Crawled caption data
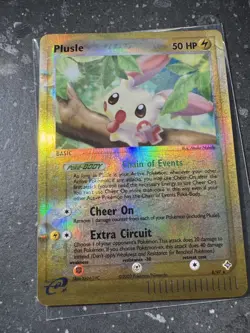 Plusle 8/97 EX Dragon Reverse Holo Rare English Pokemon Card DMG - Image 1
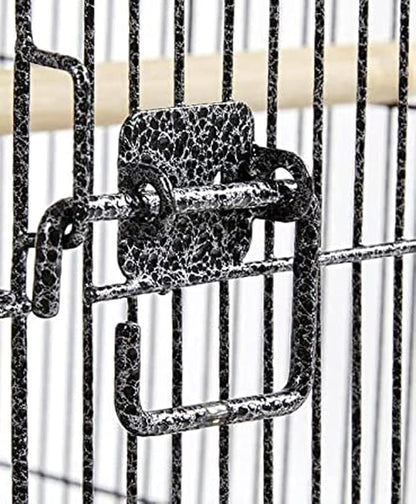 36-Inch Deluxe Sturdy Wrought Iron Bird Flight Open Play Top Cage with Rolling Stand for Parrots Conure Lovebird Cockatiel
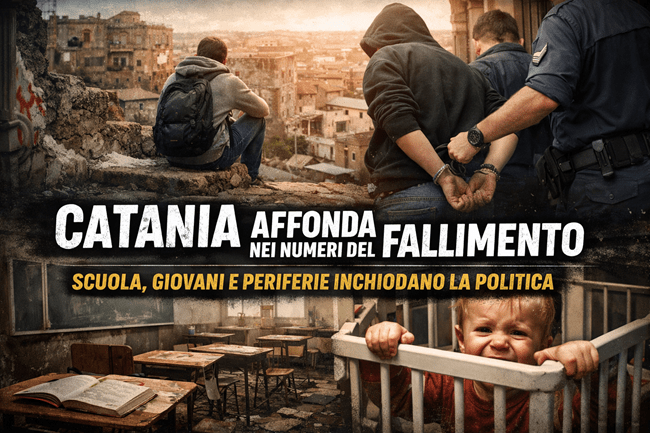 Catania affonda nei numeri del fallimento: scuola, giovani e periferie inchiodano la politica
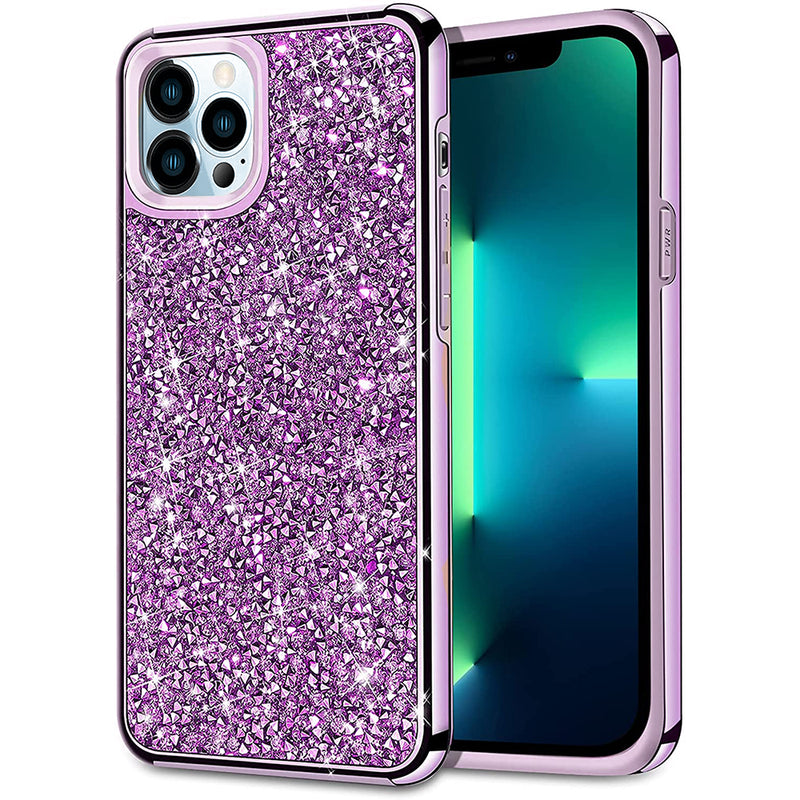 For iPhone 13 Pro Max Deluxe Diamond Bling Glitter Case Cover - Purple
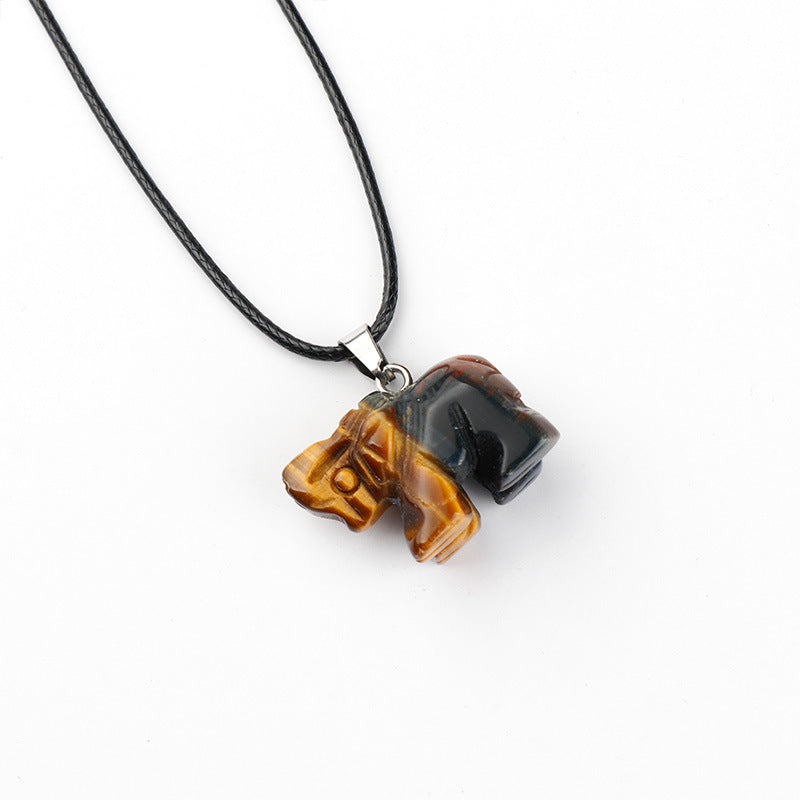 Crystal Carved Natural Agate Stone Tiger Eye Animal Pendant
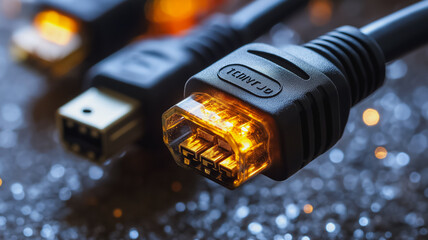 A black cable with a yellow plug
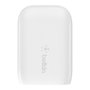 Belkin Adaptador de Corriente USB-C y USB-A, Blanco 37W, WCB007vfWH - Carga Rápida para iPhone 13, 12, 11, Samsung Galaxy S21, S20, Google Pixel, iPad Pro, iPad Air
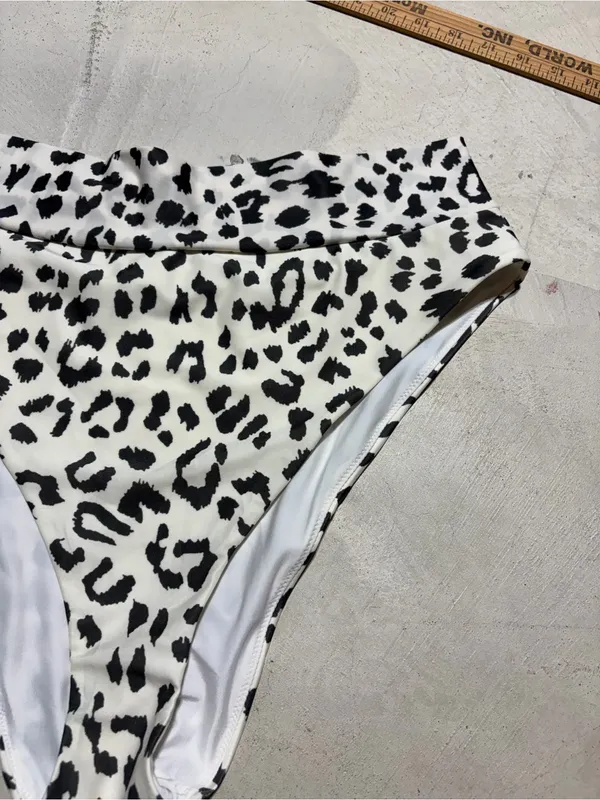 Aerie high cut cheeky Leopard Print Bikini Bottoms XL - Image 3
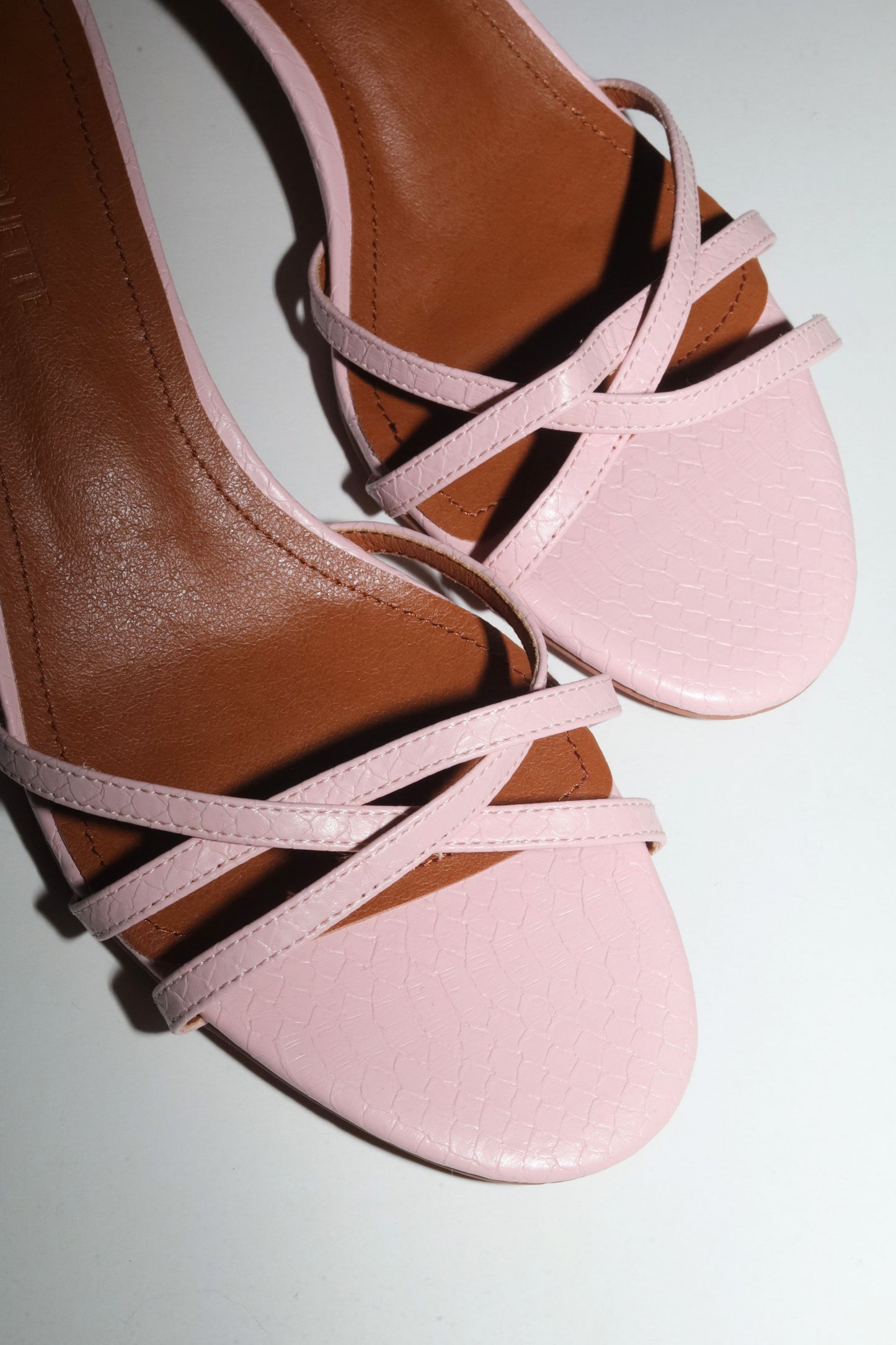 Romy Pink Reptile Strappy Kitten Mules 40 mm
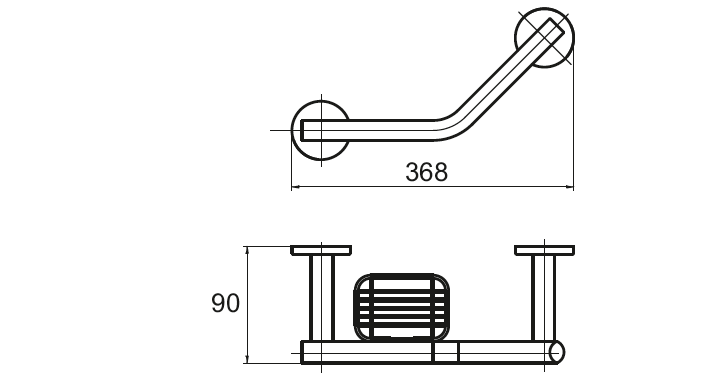 Banyetti Corso Grab Rail with Wire Basket - Chrome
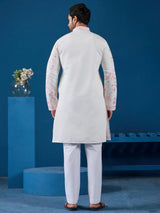 Aesthetic White Embroidered Silk Traditional Men Kurta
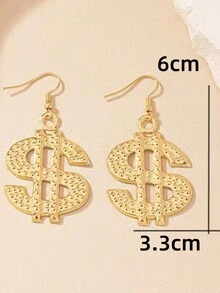 時尚的美金耳環 - 金黃色 - 查看 4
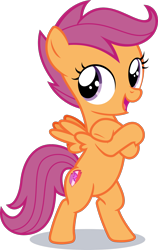 Size: 1000x1587 | Tagged: safe, artist:phucknuckl, scootaloo, pegasus, pony, flight to the finish, for whom the sweetie belle toils, g4, on your marks, bipedal, crossed hooves, cute, cutealoo, female, filly, open mouth, pose, simple background, smiling, solo, transparent background, vector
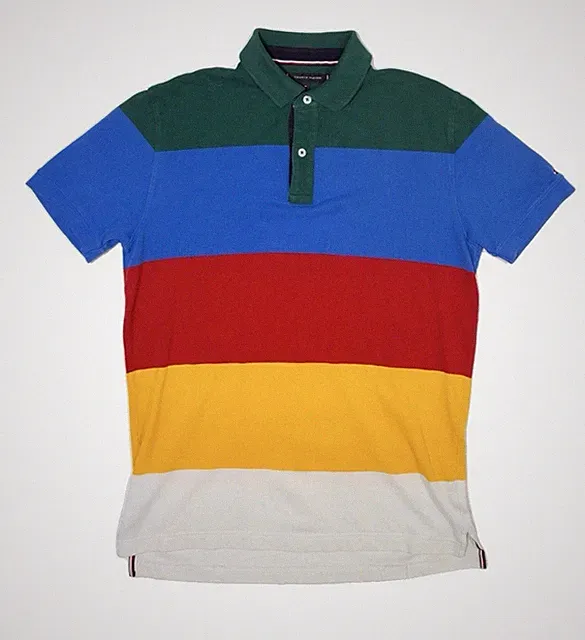 TOMMY HILFIGER Herren Poloshirt Regenbogen Gestreift Gr. Large Regular Fit Vintage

Directions
Would you mind returning each entry above word for word, skipping the images?

Your solution
 Plusle 8/97 EX Dragon Reverse Holo Rare English Pokemon Card DMG - Image 1
 36-Inch Deluxe Sturdy Wrought Iron Bird Flight Open Play Top Cage with Rolling Stand for Parrots Conure Lovebird Cockatiel
 Catania affonda nei numeri del fallimento: scuola, giovani e periferie inchiodano la politica
 For iPhone 13 Pro Max Deluxe Diamond Bling Glitter Case Cover - Purple
 Crystal Carved Natural Agate Stone Tiger Eye Animal Pendant
 A black cable with a yellow plug
 Belkin Adaptador de Corriente USB-C y USB-A, Blanco 37W, WCB007vfWH - Carga Rápida para iPhone 13, 12, 11, Samsung Galaxy S21, S20, Google Pixel, iPad Pro, iPad Air
 Aerie high cut cheeky Leopard Print Bikini Bottoms XL - Image 3
 Romy Pink Reptile Strappy Kitten Mules 40 mm
 Banyetti Corso Grab Rail with Wire Basket - Chrome
 Aesthetic White Embroidered Silk Traditional Men Kurta
 時尚的美金耳環 - 金黃色 - 查看 4
 Size: 1000x1587 | Tagged: safe, artist:phucknuckl, scootaloo, pegasus, pony, flight to the finish, for whom the sweetie belle toils, g4, on your marks, bipedal, crossed hooves, cute, cutealoo, female, filly, open mouth, pose, simple background, smiling, solo, transparent background, vector
 TOMMY HILFIGER Herren Poloshirt Regenbogen Gestreift Gr. Large Regular Fit Vintage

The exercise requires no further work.